Soon, in a hospital waiting room, footage of the battle between Wonder Man and Hitmaker is shown. The voice-over is from Megan McCambridge, a reporter, who states that Hitmaker, the young multi-cultural hero who tried to protect their city from the madness of Wonder Man, learnt too late that great courage and great compassion do not always overcome great power. The footage shows Wonder Man flying at Hitmaker, followed by the explosion, although Megan states that the cause of the explosion is still uncertain, but that Police say the nature of Wonder Man’s ionic power is still frighteningly unknown. The footage shows Wonder Man holding Hitmaker in his arms, and the “Police” arriving. ‘If you have any decency left -’ one of them calls out, while Megan asks what would Wonder Man have done with the injured young hero who was helpless in his grasp? She points out that it is lucky they will never know, thanks to the gutsy law enforcement officers who arrived to plead with Williams for the young man’s life. ‘Indeed, they found a spark of decency, even in Wonder Man’s savage breast. And he brought his broken victim to a hospital’ Megan concludes her report.

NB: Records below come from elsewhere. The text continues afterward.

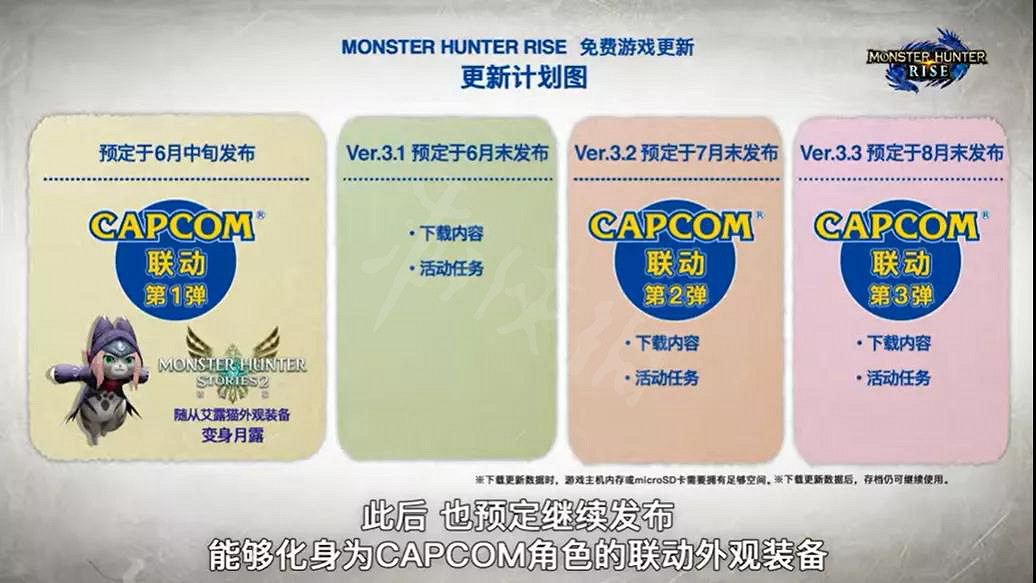 《魔物獵人崛起》3.0更新時間是什麽 3.0更新情報公布 《魔物獵人崛起》3.0更新時間是什麽 3.0更新情報公布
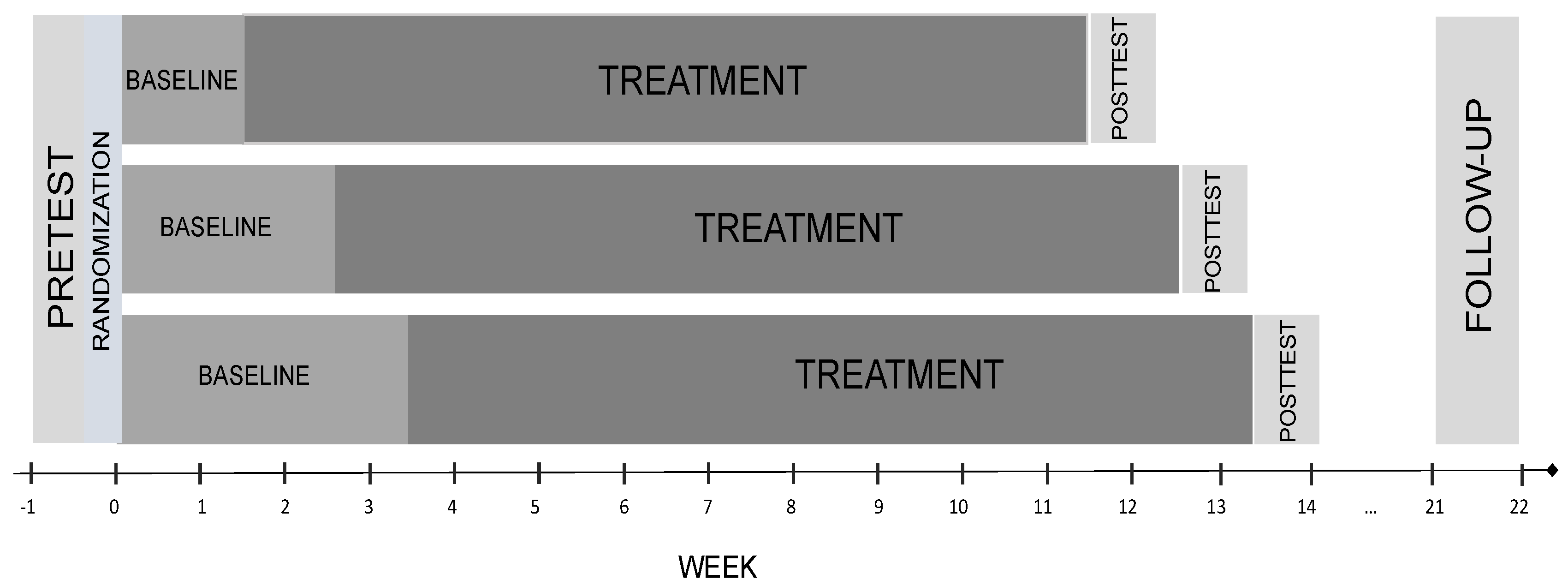 Jcm 12 03778 g001 Jcm 12 03778 g001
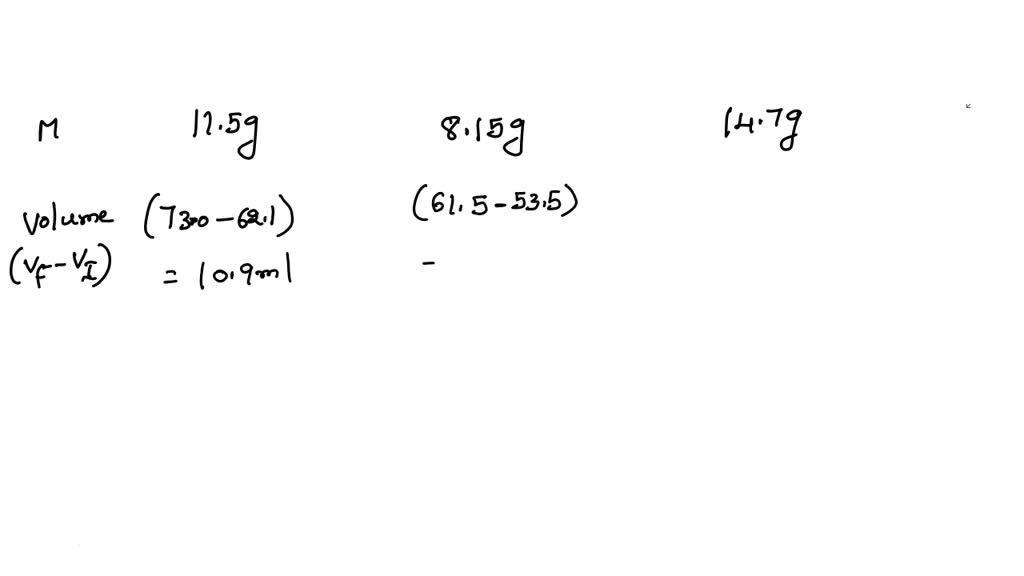 solved-density-precision-and-accuracy-chem-105-graduated-cylinder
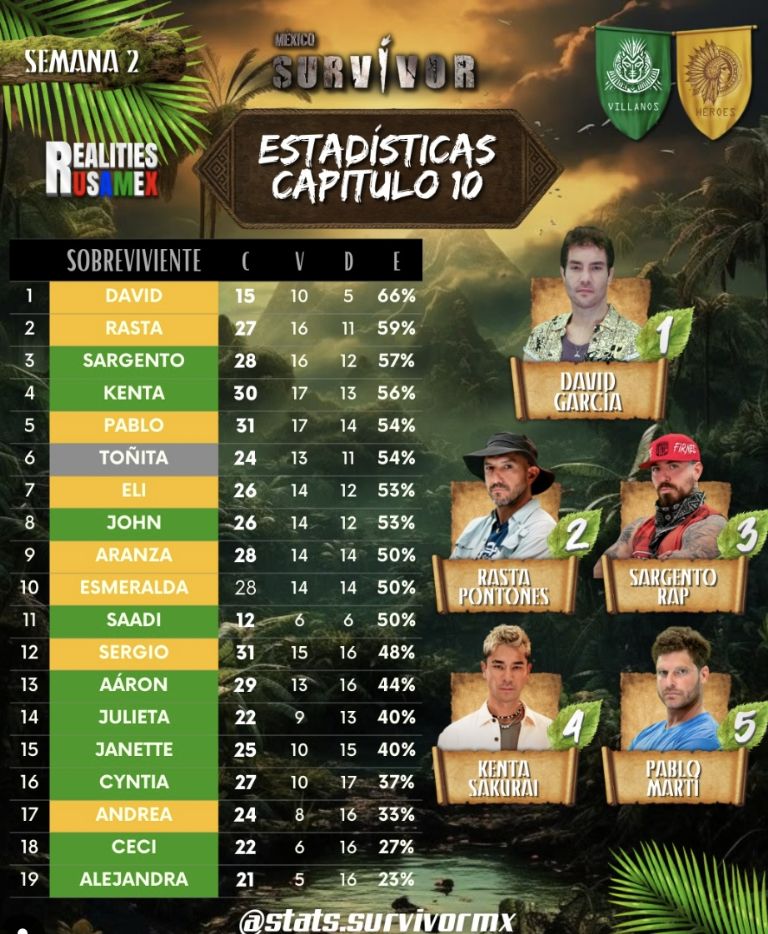 IG: @realities.usamex y stats.survivor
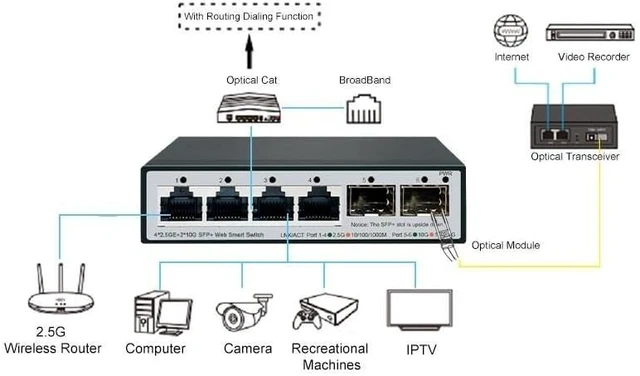 Alt view image 4 of 6 - 6-Port Switch, 2 * 10G SFP+ L2- 2.5Gbps Web Device, 6 L2- Ports, 2.5Gbps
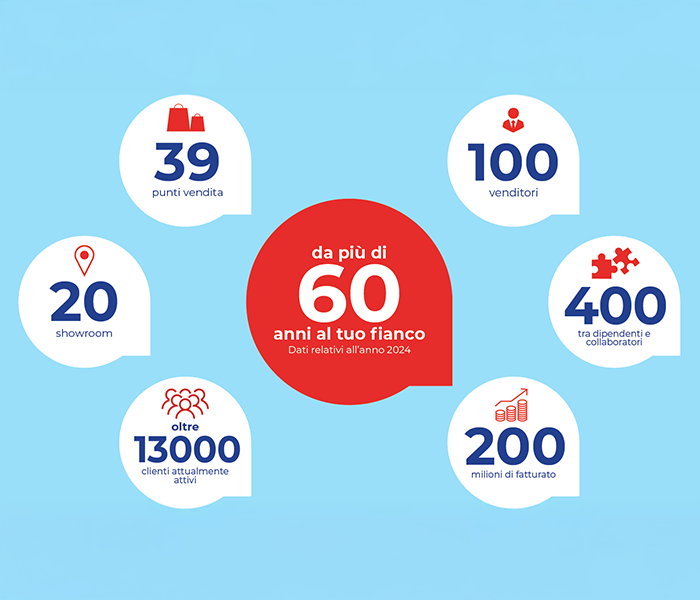 abbattista-grafico-intro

‘Now that is one perspicacious bit of editing! They've even got me sold on this “Savage Wonder Man” spin!’ exclaims Hank McCoy a.k.a. the Beast, one of Wonder Man’s dear friends, and a member of the X-Men. Wonder Man straddles a chair nearby and tells Hank that there has to be some Hollywood pros involved in this. ‘But what are they trying to do?’ he wonders. ‘Launch a line of Hitmaker action figures?’ Hank jokes. ‘Why target me?’ Simon wonders, admitting that he isn’t the nice guy he used to be, which scares a lot of people, but that he has had to keep himself angry to juice up his powers, and now Blackheart is making him do thinks he doesn't like. ‘But this “madness” garbage…’ his voice trails off, as he gets up and starts to leave the waiting area. ‘Whoa, Wondy. Whither go we?’ the Beast calls out. Simon replies that he has had enough of waiting in hospitals lately, and calls out to a nurse, informing her that he wants to see the guy he brought in - Orlando Sinclair.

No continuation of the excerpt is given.